The decision on whether to open on Thanksgiving affects big box and chain retailers more than malls and independent retailers, said Cohen of the Retail Federation. Shoppers typically plan their Gray Thursday and Black Friday shopping strategically. Consumers who planned to go shopping on Thursday are still going out, they’ll just adjust their plan according to what is open.
Black Friday’s shift to a more relaxed pace is a boon for consumers, said Ivy Chou, Marketing & Public Relations Director at DealsPlus.com. “You don’t need to wait in line anymore,” Chou said.
But that doesn’t mean consumers can completely relax. Chou recommends looking for specific items, such as televisions, on Black Friday when they are marked down the most. Afterward, shoppers should look for perks such as gift cards, extra discount coupons and rebates to balance their budget. It also helps to study ad circulars or online promotions before hitting the stores to find the best bargains.

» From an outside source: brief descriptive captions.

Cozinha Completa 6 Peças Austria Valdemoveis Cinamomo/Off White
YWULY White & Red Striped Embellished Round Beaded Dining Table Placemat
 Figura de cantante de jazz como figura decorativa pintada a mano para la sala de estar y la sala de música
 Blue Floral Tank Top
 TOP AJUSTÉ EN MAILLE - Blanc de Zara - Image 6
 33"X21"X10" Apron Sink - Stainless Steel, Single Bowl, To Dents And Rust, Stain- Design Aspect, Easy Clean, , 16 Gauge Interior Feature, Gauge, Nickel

At Meijer, where most stores are open 24 hours a day, new specials go one sale at 6 a.m. Thursday, Friday and Saturday.
In her 16 years working for Meijer, Seleana Yancey has seen her share of chaos. That is why the director of the store on Grand River in Detroit said her Black Friday goal is to minimize confusion, create an easy shopping experience and pump up her sales associates for the long haul.
For example, Meijer has a store map that highlights where each of its hottest deals are located. Her store will open as many cashier lines as possible. And she plans on bringing coffee and doughnuts to employees who need a sugar fix.
“We’re going to make this a fun day,” Yancey said. “We’ve tried every year to make it better and easier for our customers (and) for our team members.”
Metro Detroit freelance journalist Karen Dybis contributed.